Montag, 20. Dezember 2010

eine recht persönliche weihnachtsgeschichte.

Es begab sich zur kalten Winterszeit, die Schneeflocken vor dem Fenster tanzten munter ihren Reigen, als in einem recht beschaulichen Städtchen an einem ebenfalls recht beschaulichen Flüsschen names Ruhr eine mittelalte Ex-Jungfer ihr von Schnupfen geplagtes Näslein geräuschvoll schnaubte und sich die müden und einigermaßen angeschwollenen Äuglein rieb.

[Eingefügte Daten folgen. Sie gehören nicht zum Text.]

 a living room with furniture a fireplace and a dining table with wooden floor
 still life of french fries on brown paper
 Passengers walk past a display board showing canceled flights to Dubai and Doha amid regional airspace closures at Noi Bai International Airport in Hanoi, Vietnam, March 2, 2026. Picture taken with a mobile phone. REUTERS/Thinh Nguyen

Plötzlich ertönte ein lautes Geräusch - es ward der böse Störenfried, der Telefon gerufen wird. Und ehe sie sich versah, und dem Störenfried eindeutig mutig, aber relativ heiser ihren Namen entgegenwarf, sprach eine vertraute Stimme freundlich auf die Ex-Jungfer ein. Sie vernahm die Worte der männlichen Fee, wurde aber aus den geballten Informationen nicht ganz schlau. Aus diesem Grund hub sie an und erinnerte den Boten an die vielen Bakterien und Viren, die ihr Unwesen deutlich hörbar in ihrem Körper trieben, bat um Verständnis - und um Aufklärung. Dies geschah und die Worte des holden Boten verhießen freudvolle Neuigkeiten, die in ihrer Gesamtheit schöner und interessanter kaum sein konnten.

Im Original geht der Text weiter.